As good as the monster design is, I want to make sure we point out how good the actual monsters are in performance. It is a crime that this is the only time Tom Noonan played Frankenstein's monster or Jon Gries got to transform into a werewolf. But it's also a damn shame this is the only time we saw Canadian actor Duncan Regehr play Dracula. That guys seriously could have been as well remembered as Christopher Lee in the role if he'd been given a straight Dracula picture to do.* Far from the Nickelodeon versions of these characters kids grow up with now, this was an era in which monsters were still expected to be scary and kill people and whatnot, not be the butt of jokes to soften them so much kids would never have a bad thought.
The movie achieves the threatening pose of the monsters without a bodycount, really, keeping this a movie for kids, but kids of a certain age who do use swears, who are perhaps starting to get interested in kissing somebody at some point. I like this. Monsters should have either menace or pathos. They should not sparkle.
My one real beef with the movie is probably just the dated homophobic dialog, which, I am sorry to say, was real part and parcel to being a 13-wear-old kid in the 'burbs when the folks weren't around circa 1987. Not sure if the kids are as ready to use casual homophobic insults today as we were back then, but I hope not.
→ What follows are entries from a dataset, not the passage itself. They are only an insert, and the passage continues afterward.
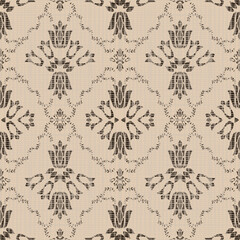 Motifs African boho paisley Floral Ikat pattern embroidery border. Ethnic ikat floral Ethnic Indian Pattern Ikat pattern Ethnic Pattern.Border indian floral Aztec embroidery border seamless patterns.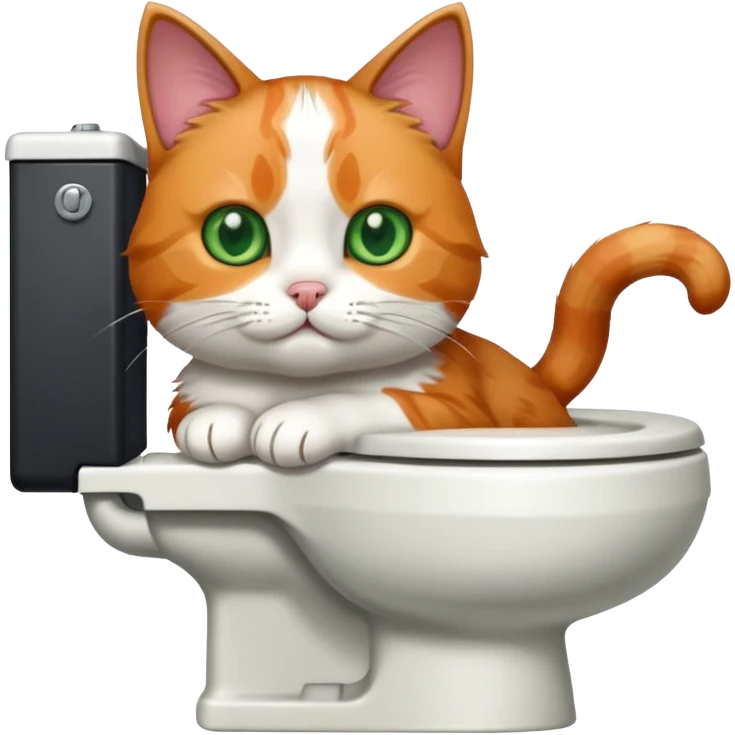 Cat in toilet  emoji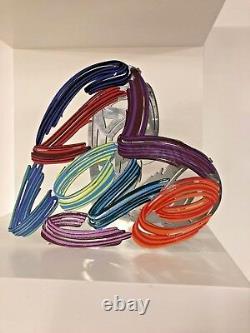 Pop art Metal Strokes of love sculpture by DAVID GERSTEIN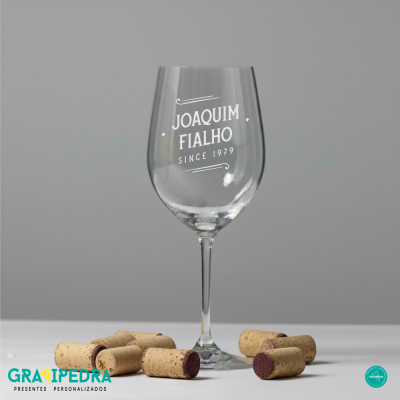 Copo em vidro personalizado - CVFG14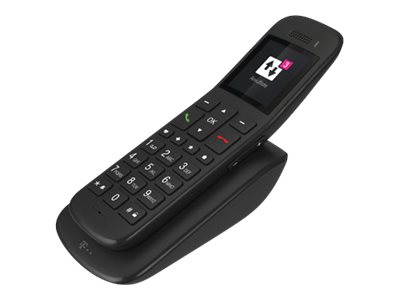 Telekom Speedphone 32 IP Großtastenschnurlostelefon ebenholz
Anyway, it was super fun watching the film with you guys, who similarly appreciate what the picture has to offer. If you want to see what was said, look for our tag #wolfnards over on twitter.
As someone who believes the Universal-type Monsters still have a lot to offer when they're in the right hands, this kind of movie remains a lot of fun to watch, and as something that resonated with me a bit more than, maybe, some more popular movies like The Goonies**, it's still something fun to return to every once in a while.
*someday I need to find the old Family Channel episodes of Zorro, where Zegehr played the titular saber-wielding hero. I was never a fan of the character in comics or old TV episodes from the 50's, but I loved that show when I was in high school, it turns out. I forgot I was that old watching that show.
**I like Goonies well enough, but I don't entirely get the appeal. It feels like kids screaming at each other trying to be heard for 90 minutes. And, the older I get, the Sloth storyline makes less and less sense.